The other thing I saw in DC for the first time when I was twelve years old was Catholic nuns. I'd seen them occasionally in the movies, but not in person, and they were the strangest creatures I'd ever seen. I couldn't figure out why they had to wear costumes like they were in a play or something. As if they weren't actual human beings. The stories among us kids, only one or two of whom had ever seen a nun before, grew to fantastic lengths of fancy.

We also saw some Jewish men who wore those big black hats and had weird-looking haircuts that looked very strange. The closest thing to that us boys from the backwoods had going for us was wearing Bass Weejuns penny loafers, so we'd all look cool. That was nothing compared to what these people. They looked more like grown-ups at a masquerade than us kids trying to seem different did. Of course, I was just as shocked when I passed through Texas, Arizona, and New Mexico, and many people out there actually wore cowboy hats and boots as if life really was a movie.

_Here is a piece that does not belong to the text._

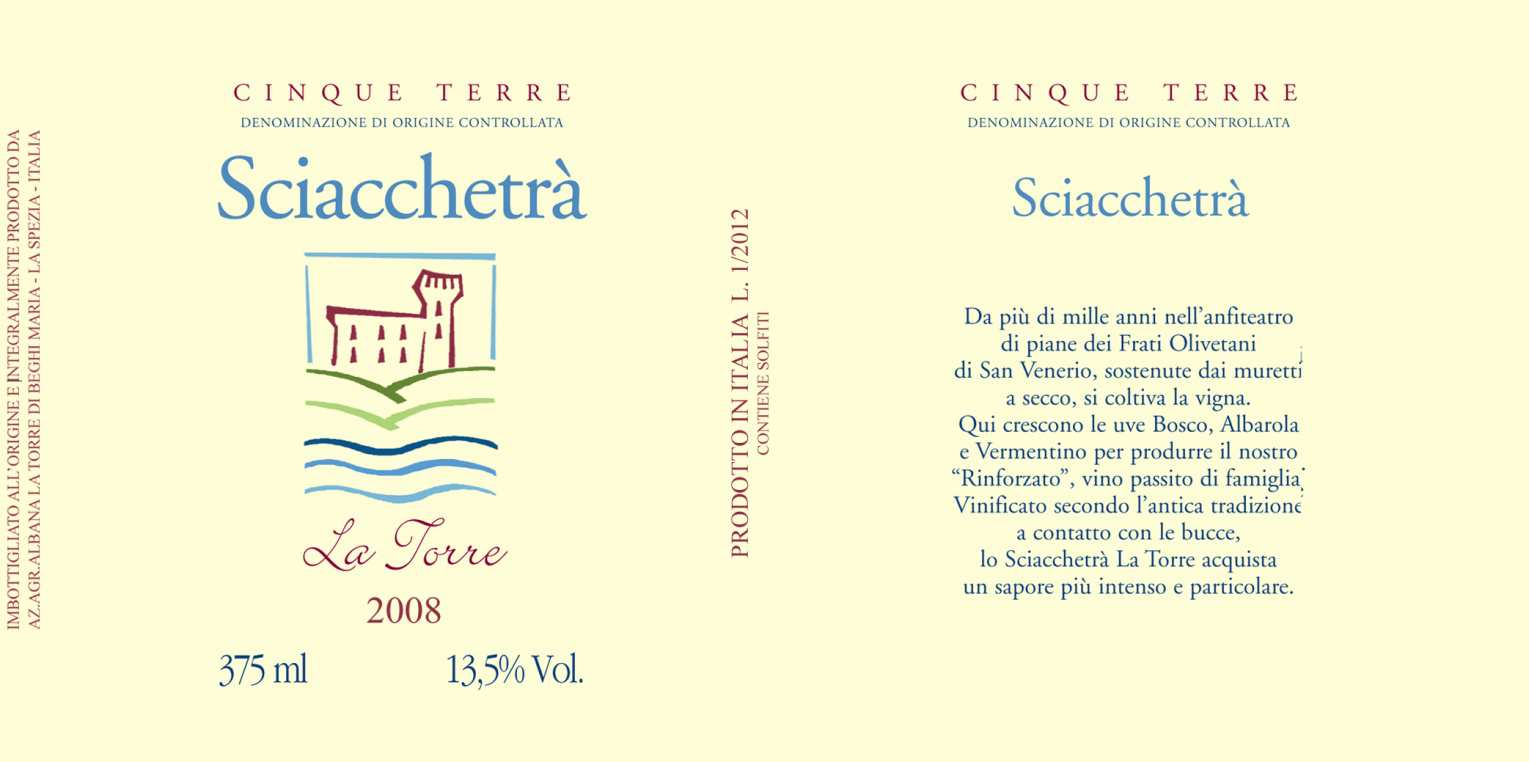 ALBANA LA TORRE SCIACCHETRA CINQUE TERRE DOC TIPOLOGIA Vinho feito com uvas passas - Denominação de Origem Controlada (DOC) ORIGEM Albana di Campiglia (La Spezia) VINHEDOS Local: Albana di Campiglia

Seeing that some people do things differently than how I was raised to behave was a huge lesson I'd be learning for the rest of my life. I didn't realize how much difference it made to my personality to have done a lot of traveling when I was a kid. I was born in Mississippi, as were my two older sisters and my parents. My younger brothers were born here.

Our whole family would pack up in the summer and travel a thousand miles each way to and from Mississippi to visit our closest relatives at mostly my mother's mother's house. Hardly anybody I ever went to school with here growing up ever traveled to the state capitol sixty miles away. Then, three months after I graduated from high school I joined the Navy and they sent me to California for boot camp. Traveling defined my life and my personality. I never expected to be in any one place long enough to have to apologize for being different.